Basically a kitchen island. 18 inch overhang is on one side only, the 6 ft siderunning paralell w/slats. Biscuists and kreg screws of course won't support top overhang. Should I fabricate top then rout a channel beneath and insert/attach steel tubes or predrill slats prior to glue up, insert steel rods, then cover up holes with remaining slats? Anyone done either?


----------



## Charlie5791 (Feb 21, 2012)

How THICK? 
18 inches is a lot of unsupported projection.


----------



## 1thumb (Jun 30, 2012)

1 and 5/8's thick and it is a lot.


----------



## Charlie5791 (Feb 21, 2012)

1-5/8 you don't need biscuits and pocket screws. I mean you *can* use biscuits for alignment if you want, but you don't need anything in that joint if it's a clean, tight joint. I have an 8 ft by 3 and a half foot walnut island to confirm that. 
Is the overhang for seating? If yes, you're probably overdoing it. You can have comfortable bar seating at 12 inches. In fact I've done it at less than 8 inches and it still works.

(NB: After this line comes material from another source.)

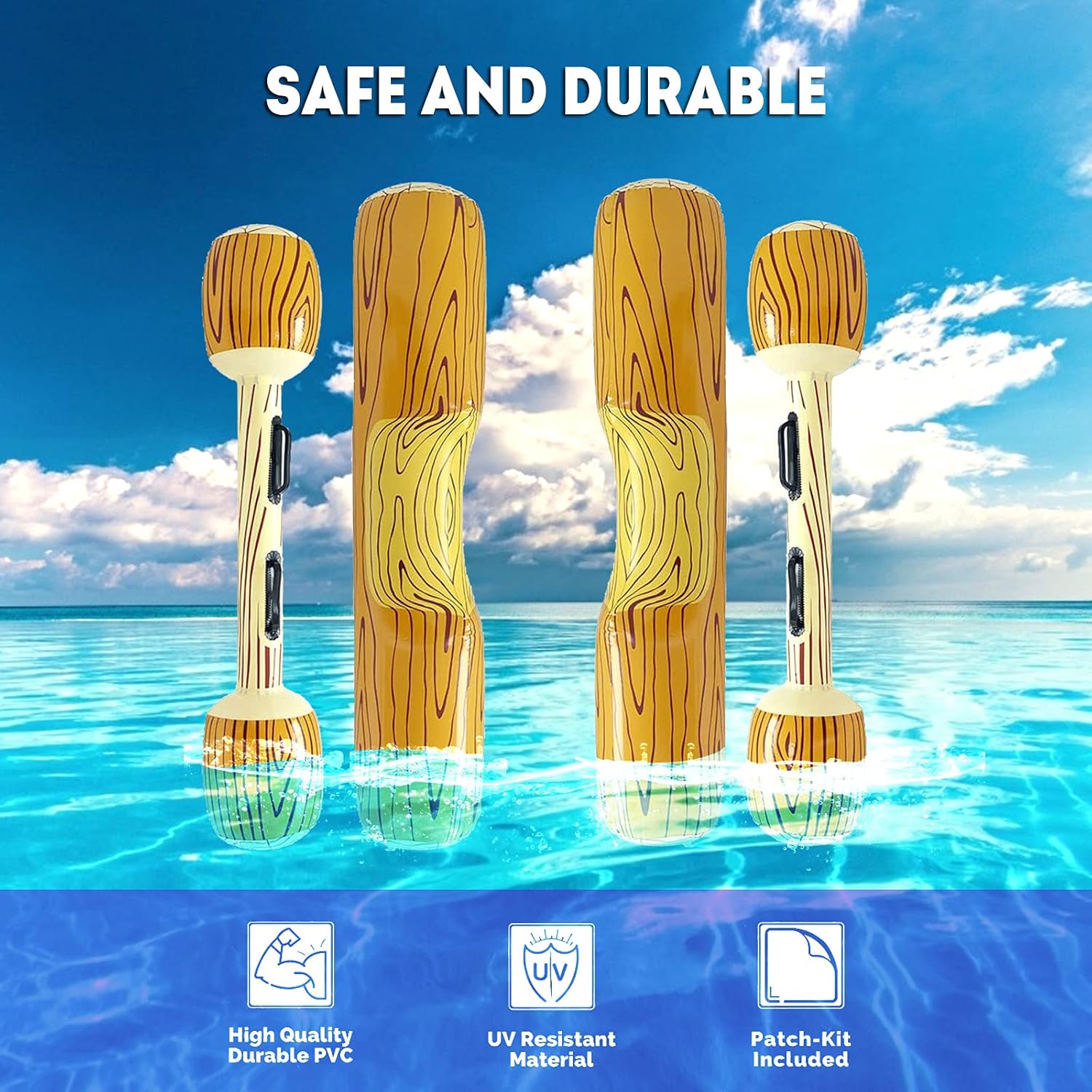 Aufblasbares Poolspielzeug für Erwachsene, Battle Log Floß, Wasserspielzeug, Kinder, Poolspielzeug, aufblasbares Teenager-Außenspielzeug für Pool, Wasserspielzeug, Poolspiele, Familie für 2 Spieler (L) – Bild 4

Metal rods: if you take the time to precisely drill for inserting metal rods it will help, BUT, and it's a *BIG* but…, if someone gets up from a chair, using the edge of the projecting counter to assist, it's STILL going to bend. I watched my brother get up from my island this way and it was all I could do to keep from slappin' the living sh&% out of him.

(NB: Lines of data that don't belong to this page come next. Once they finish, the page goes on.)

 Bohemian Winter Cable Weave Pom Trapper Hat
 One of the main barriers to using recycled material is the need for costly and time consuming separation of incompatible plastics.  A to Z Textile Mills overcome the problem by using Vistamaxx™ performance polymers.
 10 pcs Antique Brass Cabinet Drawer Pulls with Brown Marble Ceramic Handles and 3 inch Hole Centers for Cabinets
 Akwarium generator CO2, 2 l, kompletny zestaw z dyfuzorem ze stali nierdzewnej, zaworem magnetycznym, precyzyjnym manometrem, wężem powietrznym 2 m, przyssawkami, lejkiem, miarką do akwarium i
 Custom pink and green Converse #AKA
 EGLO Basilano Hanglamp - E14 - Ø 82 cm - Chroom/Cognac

#1 advice: see if you can reconsider that 18 inch figure and get it down some.

#2 advice: instead of drillling for rods and all that, get yourself some 1/2" thick by about 2 inch wide steel. 
You can simply flush mount this to the underside of your counter top OR you can route a channel in the underside of your countertop to accept the steel. I'd flush mount it and keep the counter top full thickness. The *length* of the metal should be:
the dimension of your overhand minus 2 inches (if you have an 18 inch overhang, 16 inches) *PLUS* half the depth of the cabinet from which the overhang starts (but not less than 12 inches). You are holding it back 2 inches from the edge. Almost invisible.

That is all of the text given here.